Размер шрифта
-
+

Киномысль русского зарубежья (1918–1931) - стр. 113

Отсюда – невероятное богатство его возможностей. Он музицирует образами, удаляет их или приближает – кружит вокруг них, привлекает их к себе вплотную или отталкивает в глубину, схватывает их в любом ракурсе, под любым углом, снизу или сверху; поистине всевидящее око. То движение образа по экрану течет непрерывно, как одноголосая мелодия, то несколько движений сочетаются контрапунктически, вступая поочередно; взять хотя бы классический прием, коим Гриффит «фугирует» свои развязки. У него перемежаются отрезки, где героя настигает гибель, с другими, где несутся нечаянные спасители. Это состязание между трагическим роком и всеблагим Провидением мы видели в «Двух сиротках»; Аллан Дуэйн повторил его в «Робин Гуде». Но не станем обременять эти вступительные соображения дальнейшими примерами. Они нужны лишь предубежденной мысли. Кинематограф – искусство бессловесное, а стало быть, в глазах многих неполное, ибо слово притязает на исключительную привилегию выражать движения души. Но не вздумайте подходить к нашему немому со снисходительным сожалением, как к калеке. Из опыта известно, как природа «компенсирует» изъяны своих пасынков, какой тонкий слух, какое чуткое осязание бывает у слепых, какая наблюдательность у глухих. Так у немого «синема» сказывается дар зрения и прозрения, способность зрительного воображения, развивающаяся стихийно.

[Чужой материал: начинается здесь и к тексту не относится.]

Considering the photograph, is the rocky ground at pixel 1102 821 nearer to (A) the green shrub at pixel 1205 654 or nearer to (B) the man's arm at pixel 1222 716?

Драма или комедия, вообще всякий театр, где говорят (балет, пантомима покоряются совершенно иным законам), причастны к риторике. Они развертываются диалектически. Полнота жизненной природы или душевного переживания сведена к словесному спору, к более или менее прикровенной борьбе логических аргументов. Участники действия со всем возможным красноречием объясняют себя и свои чувства. В этом основная условность театра. Чтобы довести до зрителя-слушателя все то, что теснит грудь и волнует душу, он изъясняет это на словах и показывает в лицах. «Мысль изреченная есть ложь», – отчаивается великий мастер речи. На этой лжи или на этой ущербленной и преобразованной словесной формой правде и зиждется театр. От этого уходит Чехов, у которого говорят бессвязные пустяки, а внутреннее действие совершается в трепетной тишине пауз. Недаром театр переживает всё новые кризисы. Непосредственное участие живых людей в художественном произведении бесконечно осложняет проблему зрелища. Реальный человек в реальном пространстве сцены разыгрывает фиктивное действие и произносит вымышленные слова. Это соединение реального и условного чинит театру неисчислимые затруднения. Правила театра, в том числе пресловутые единства, – лишь следствия этих затруднений. По французской поговорке, он «из необходимости делает добродетель». Экран сразу условнее и свободнее сцены. Условнее в том смысле, что он дает нам игру актера и место, где он играет, не непосредственно, а в проекции на плоскость, не в плоти, а в отражении. Свободнее потому, что не связан логикой словесных прений и принуждениями единств. Ему не нужно насильственно локализовать действие, ибо он может последовать за своим героем всюду. Единству места он противополагает неисчислимую множественность «кадров» и планов.